Problem description —
The answer should hold every line of the listing, unchanged and free of images.

Information shown —

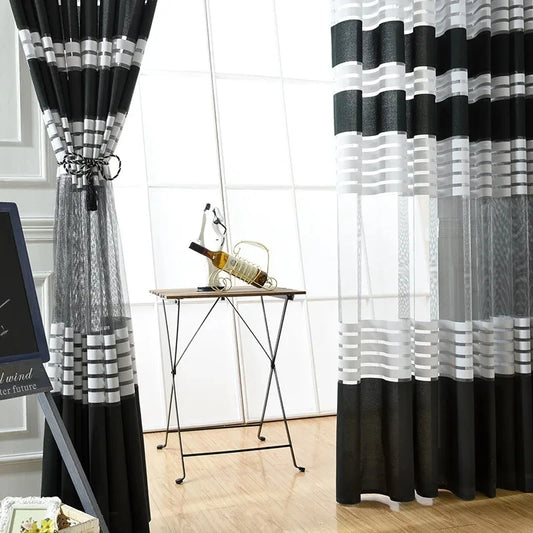 Voilage rayures horizontales noir blanc Striveo salon MonUniversRideau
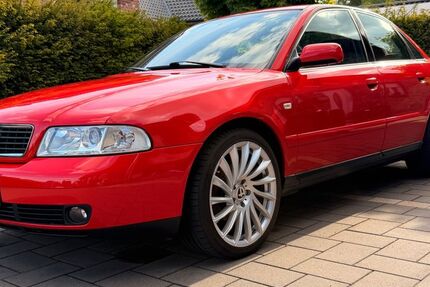 Audi A4 141.000 km 4.300 &euro; Neuenrade 58809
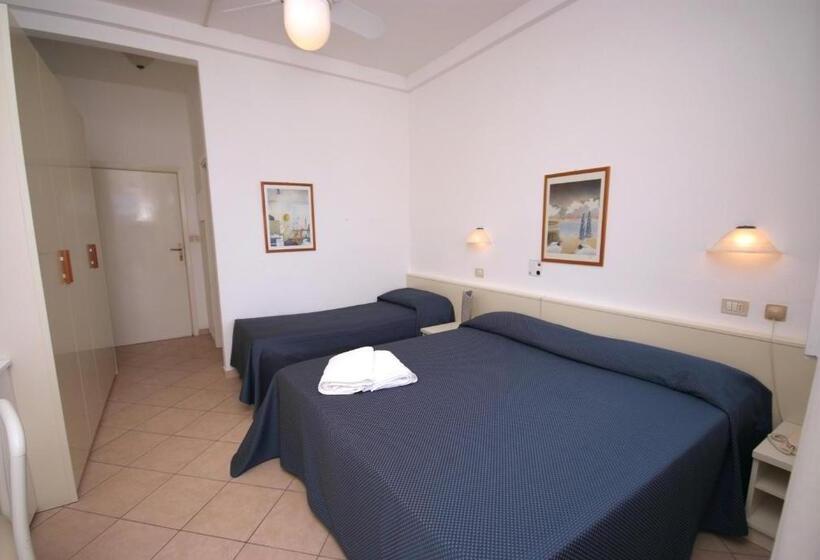 Triple Room Sea View, Dino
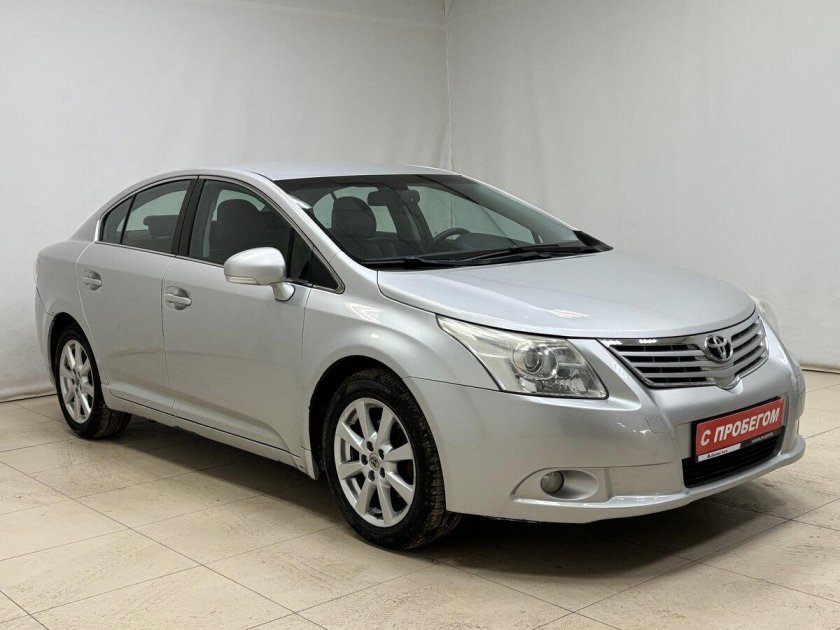 Тойота авенсис 2009 года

Response area —
 Voilage rayures horizontales noir blanc Striveo salon MonUniversRideau
 Audi A4 141.000 km 4.300 &euro; Neuenrade 58809
 Triple Room Sea View, Dino
 Тойота авенсис 2009 года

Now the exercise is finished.